AWSSupport-TroubleshootCloudWatchAlarm - Amazon Systems Manager Automation runbook reference
Services or capabilities described in Amazon Web Services documentation might vary by Region. To see the differences applicable to the China Regions, see Getting Started with Amazon Web Services in China (PDF).

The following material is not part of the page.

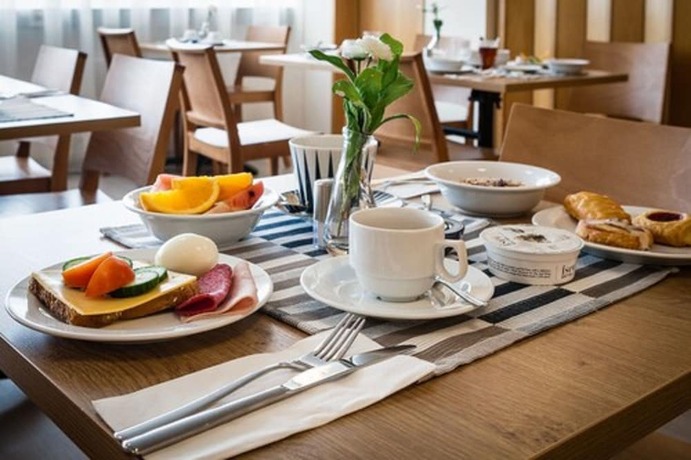 Imagen del bar/restaurante del Hotel Hótel Fransiskus Stykkishólmi. Foto 12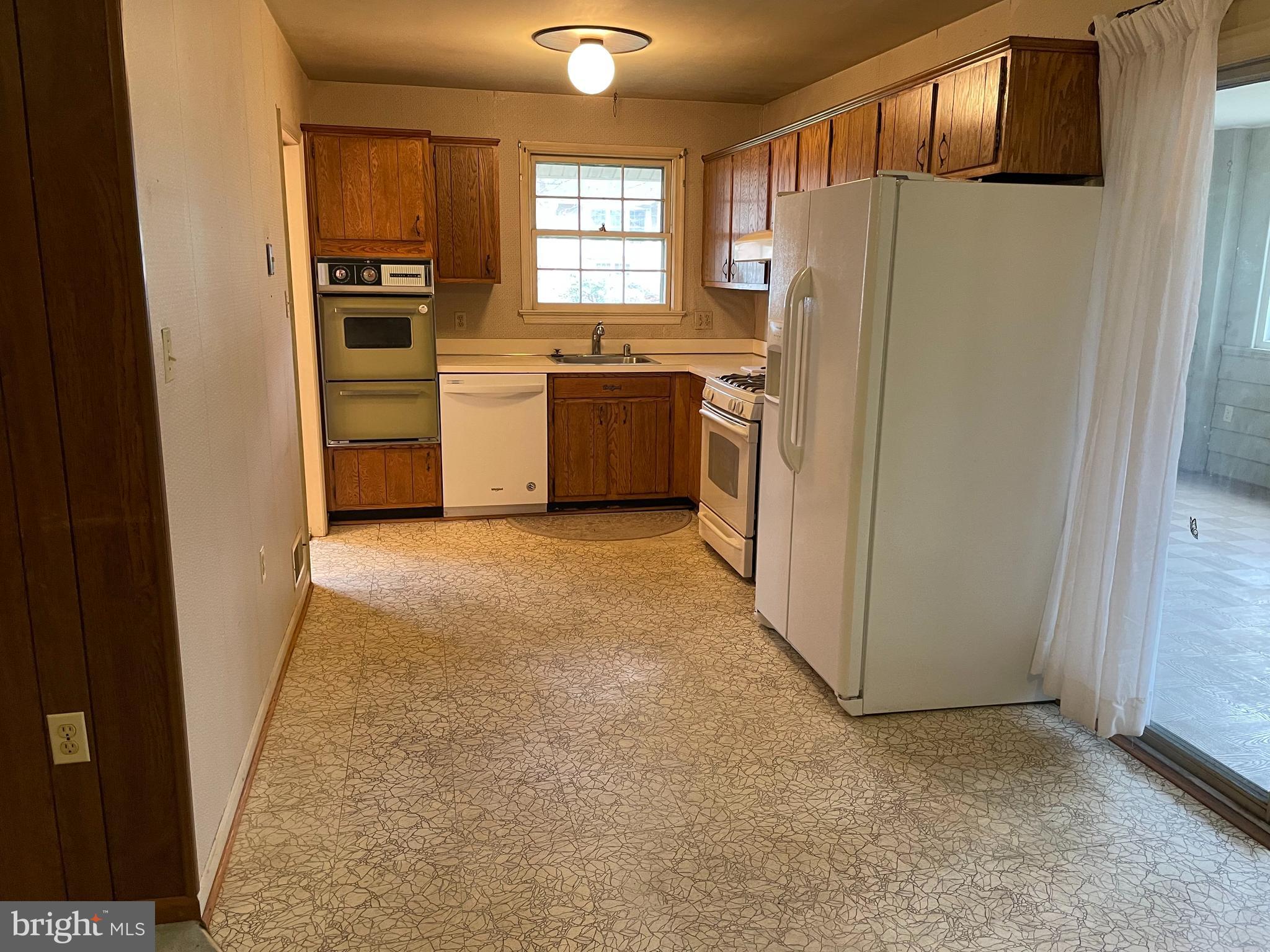 3811 Winterset Drive Annandale, VA 22003 - Photo 7 of 50 Kitchen from Breakfast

AWSSupport-TroubleshootCloudWatchAlarm

Description

The AWSSupport-TroubleshootCloudWatchAlarm runbook helps identify and troubleshoot issues with misconfigured or problematic Amazon CloudWatch (CloudWatch) Alarms. It leverages public Amazon APIs and known alarm evaluation logic to detect delayed or missing datapoints in the monitored metrics, which can lead to missed or delayed alarm actions. This runbook provides a structured approach to investigate and resolve Amazon CloudWatch (CloudWatch) Alarm-related problems.

How does it work?

The runbook AWSSupport-TroubleshootCloudWatchAlarm performs the following steps:

  • Verifies the Amazon CloudWatch (CloudWatch) alarm details and the value of the AlarmTriggerTimestamp parameter to check if it's within 2,592,000 seconds (30 days).

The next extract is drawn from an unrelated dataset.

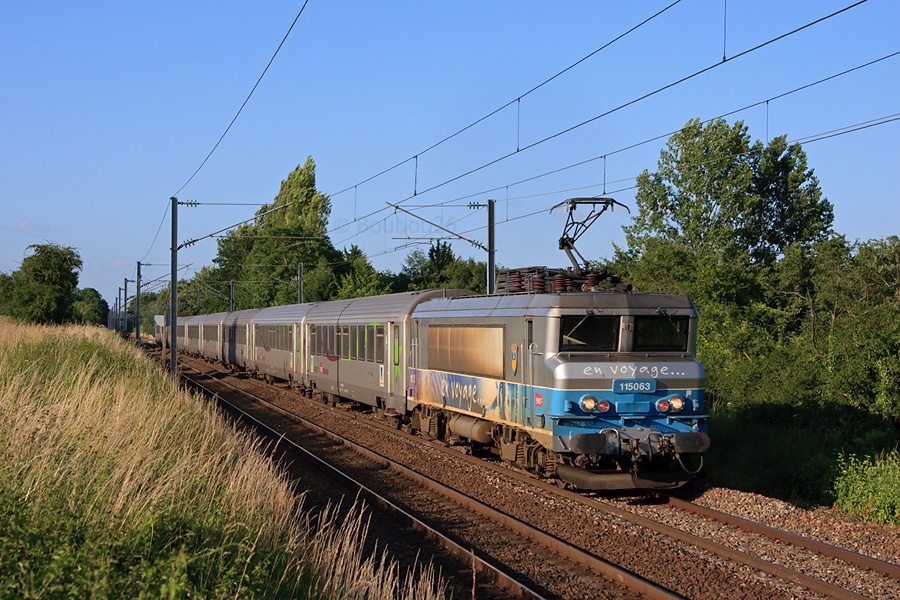 La BB 15063 va bient&ocirc;t quitter l'Ile-de-France en t&ecirc;te de son InterCit&eacute;s 3393 &agrave; destination de Deauville.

  • Checks if an alarm is based on a Metric or Metric Math or is an Anomaly Detector Alarm.

  • Checks if an alarm is in insufficient data sate.

  • Checks if the metric(s) used in the alarm matches with ListMetrics value.

  • Verifies if a metric was missing datapoint(s) at a given timestamp.

  • Gets the most recent history for a given timestamp.

  • Checks if an alarm did not trigger due to a delayed or missed metric(s).

  • Checks if an alarm's enabled action(s) was/were delivered.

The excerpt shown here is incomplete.